'''
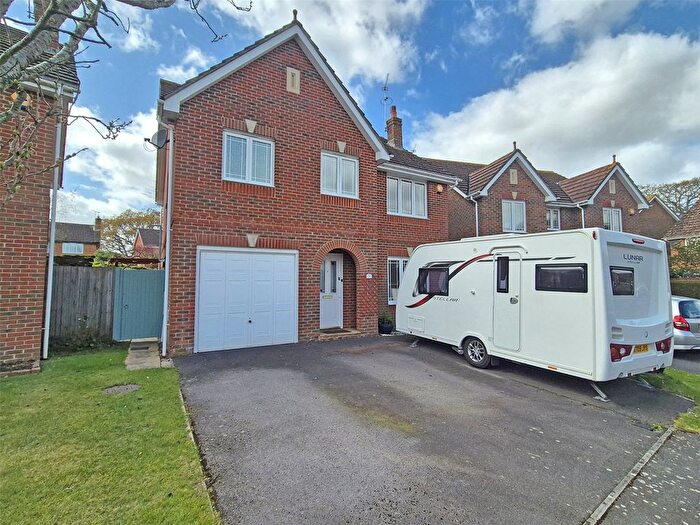 4 Bedroom Detached House For Sale In Ubsdell Close, New Milton, Hampshire, BH25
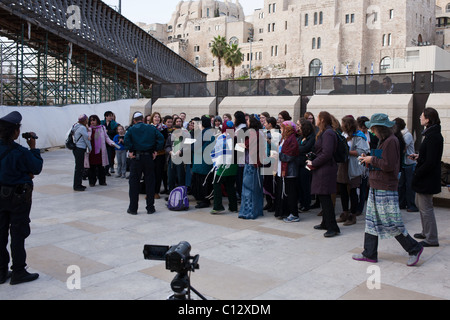 Morgengebet wurden heute von Frauen von der Wand auf die Frauen der Kotel durchgeführt. Jerusalem, Israel. 03.07.2011. Stockfoto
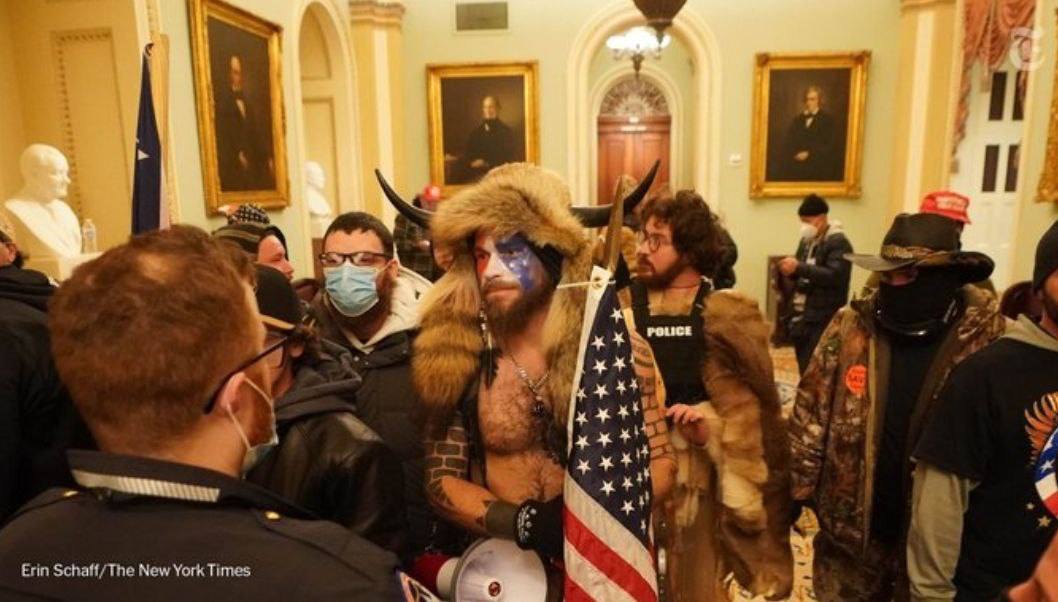 طرفداران خشمگین ترامپ وارد ساختمان کنگره شدند + عکس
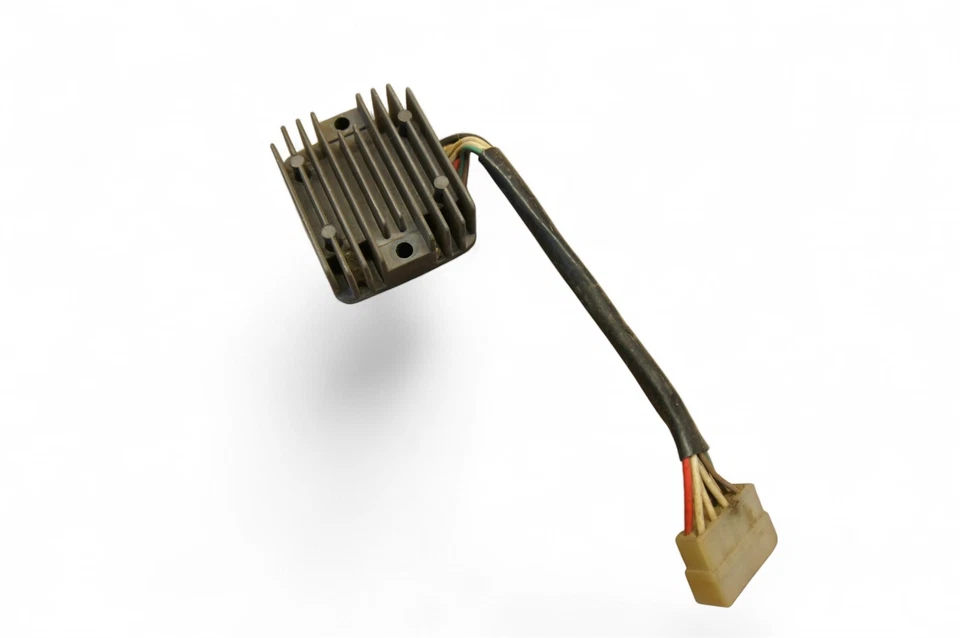 Yamaha Xs650s Xs 650s Xj550 Xj 550 Special Regulator Rectifier Y129 *2679D - Imagem 1 de 4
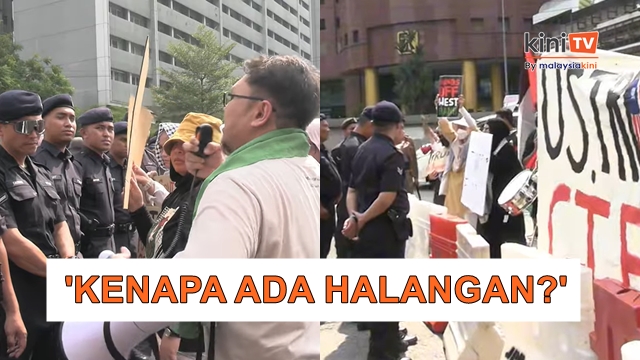 'Ini jalan kami!' - Protes halau Trump disekat ketika berarak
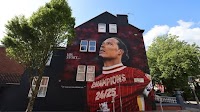 Stunning new mural of Virgil van Dijk unveiled in Anfield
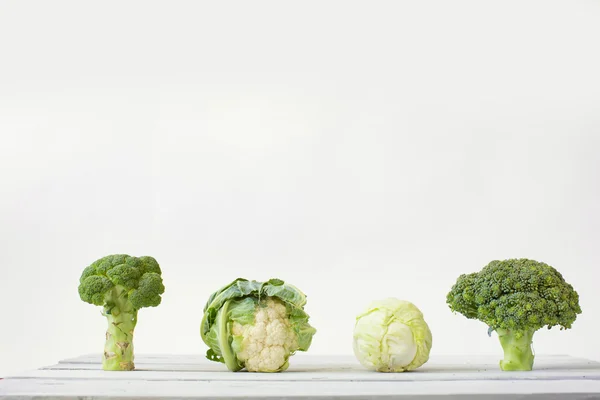 Arka plan beyaz brokoli ve karnabahar — Stok fotoğraf
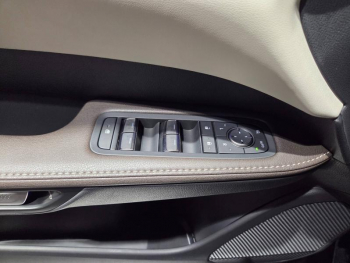 Photo 12 du bon plan LEXUS RX 450h+ Luxe 4WD MY25 occasion à 79900 €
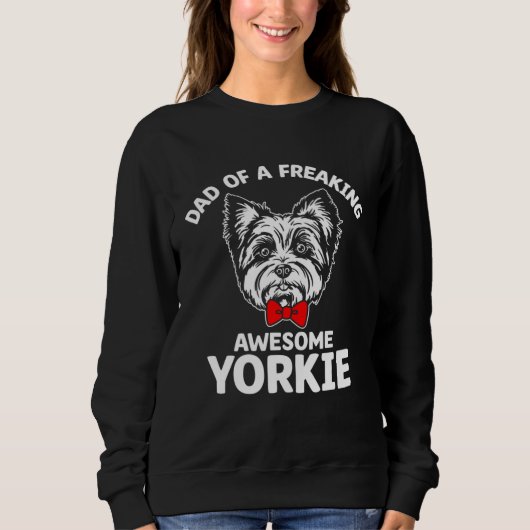 Dad of a Freaking Awesome Yorkie  Yorkshire Terrie スウェットシャツ (正面)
'''
Exercise brief | From the first line to the last, copy the listing above exactly and leave out the images.

Result for this task |
 4 Bedroom Detached House For Sale In Ubsdell Close, New Milton, Hampshire, BH25
 Morgengebet wurden heute von Frauen von der Wand auf die Frauen der Kotel durchgeführt. Jerusalem, Israel. 03.07.2011. Stockfoto
 طرفداران خشمگین ترامپ وارد ساختمان کنگره شدند + عکس
 Yamaha Xs650s Xs 650s Xj550 Xj 550 Special Regulator Rectifier Y129 *2679D - Imagem 1 de 4
 'Ini jalan kami!' - Protes halau Trump disekat ketika berarak
 Stunning new mural of Virgil van Dijk unveiled in Anfield
 Arka plan beyaz brokoli ve karnabahar — Stok fotoğraf
 Photo 12 du bon plan LEXUS RX 450h+ Luxe 4WD MY25 occasion à 79900 €
 Dad of a Freaking Awesome Yorkie  Yorkshire Terrie スウェットシャツ (正面)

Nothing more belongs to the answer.